Y no es coña

Estructuras flexibles

Llegará un día que a base de recortes presupuestarios, de ajustes, de incremento del gasto en el capítulo 1, el dedicado al personal, la Cultura, entendida como un bien público y un derecho democrático, se colapsará. Probablemente no llegue nunca a desaparecer de manera solemne, pero sus expresiones se reducirán a una serie de actividades que sirvan para justificar las carencias y los puestos de trabajo consolidados en los organigramas.

Creo que el tiempo del verbo en el párrafo anterior, puede cambiar en dos o tres telediarios, y en algunos lugares ya se ha llegado al colapso, ya se está en retirada, se anuncian tiempos duros, y todo lo que aparentemente hemos avanzado, o merodeado en su avance, o se congela o se destruye. Está pasando en estos momentos y seguramente existen argumentos económicos de peso para tomar ciertas decisiones, pero lo que realmente sorprende es la falta de respuesta de los afectados. Los profesionales y los receptores de esos bienes culturales.

De los primeros se puede aventurar un silencio producto del miedo, por si acaso señalarse en la denuncia puede tener repercusiones en el reparto de las migajas de las ayudas. Cuando llegamos a la otra parte esencial,  a los receptores, a los públicos, aquí nos hallamos en un lugar esencial en el debate.

No existen unas reglas claras y objetivas donde se determine qué porcentaje del presupuesto debe dedicarse a la Cultura. Es más, no existe un concepto único de la propia Cultura. Y si se encuentran algunos lugares de común entendimiento, es casi imposible encajar los idearios adversos sobre quién, cómo, cuándo, en qué cantidad se debe facilitar los bienes culturales para una inmensa minoría social.  Nadie pone en duda que los museos, en su inmensa mayoría, sean de titularidad pública. Ni que las orquestas institucionales e incluso las bandas municipales estén compuestas por maestros músicos asalariados con un contrato indefinido. Hay compañías nacionales, ballets estatales, o de otras instituciones que son simplemente unidades de producción donde se estabiliza la parte técnica, la dirección pero la artística se contrata por obra con alguna excepción.

Se tiene como parte de la lógica de los usos  y costumbres políticos de los últimos veinticinco años que los teatros sean de titularidad pública, especialmente municipal, aunque pueden existir algunos con titularidad de una diputación, de un gobierno autonómico o incluso del Estado. En estos teatros la gestión  es por parte de los departamentos de cultura, aunque en los de mayor entidad se hayan creado sociedades anónimas de titularidad pública, y pueden contar con todos los servicios realizados por personal fijo o por contratos externalizados.

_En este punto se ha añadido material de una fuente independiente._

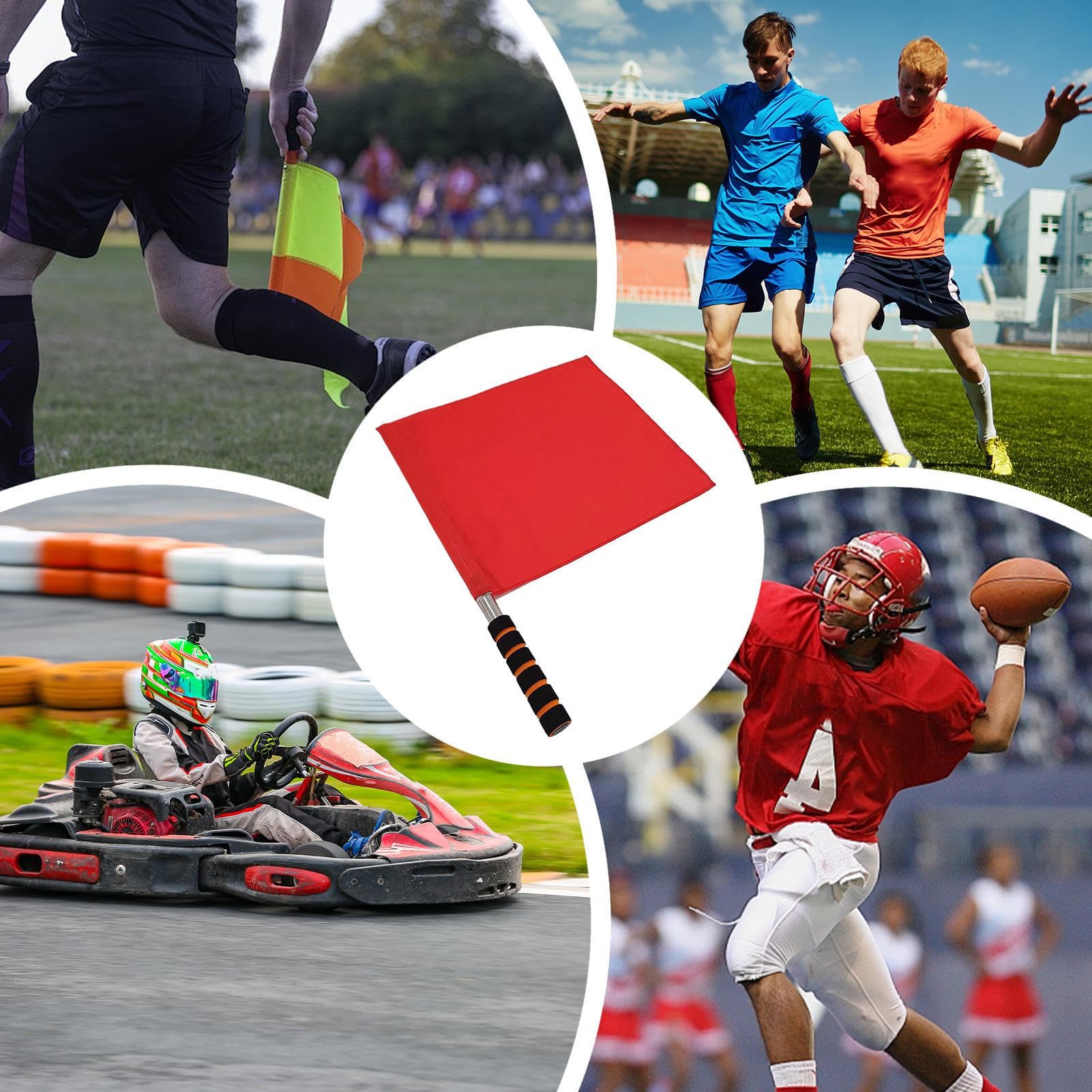 Lot De 2 Drapeaux D'arbitre – Drapeaux De Signalisation Officiels Rouges Pour Le Football, Les Terrains De Sport Et L'entraînement | Léger, Durable, Fabriqué En Métal, Éponge Et Tissu | Visible, Confo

Son cientos de edificios, reconstruidos, de nueva planta, que han acabado siendo unos contenedores de actuaciones  puntuales, con un uso de mínimos y que en los últimos tiempos se están poniendo en manos de la empresa privada, como un gesto más del probable camino de regreso a una privatización poco esperanzadora, es decir a un uso meramente comercial con ánimo de lucro. En ningún caso, ni noticias de estabilizar equipos de creación, compañías estables, proyectos artísticos. Eso parece una cosa ajena a esos maravillosos instrumentos llamados teatros, que ni los ceden para la residencia de algunas compañías.

La casuística de las formas y modelos de gestión de los teatros públicos en el Estado español es grande, pero en todos los casos lo que se demuestra es que existen estructuras flexibles, es decir, que se mueven al son del político de turno y al interés del programador, que en ocasiones puede ejercer su función con libertad y demasiados veces debe seguir las directrices de unos políticos que nunca acaban de entender esa “maría” llamada Cultura, de tal forma que en cuanto pueden juntan ese departamento con turismo, deportes o educación .

En estos momentos más que nunca hay que reclamar la puesta en común (¿por qué no un Gran Pacto de Estado?) del propio concepto y de qué se quiere hacer con la Cultura, y dentro de ella con las Artes Escénicas, porque empezando por la formación y acabando con las programaciones, vivimos en una inercia perniciosa que está empezando a mostrar síntomas de fin de ciclo. Y con menos dinero, sin ideas, ni proyectos ni reglamentación que lo encauce la tentación de suprimir lo poco que hay empieza a ser muy visible.

Un recuerdo interesado, lo único imprescindible para que se realice el hecho teatral son el actor y el público. Cuidemos a los creadores y fomentemos la inclusión de los nuevos públicos. Y eso se hace planificando a medio plazo y con políticas decididas que no apoyen ni propicien la banalización comercial de las Artes Escénicas.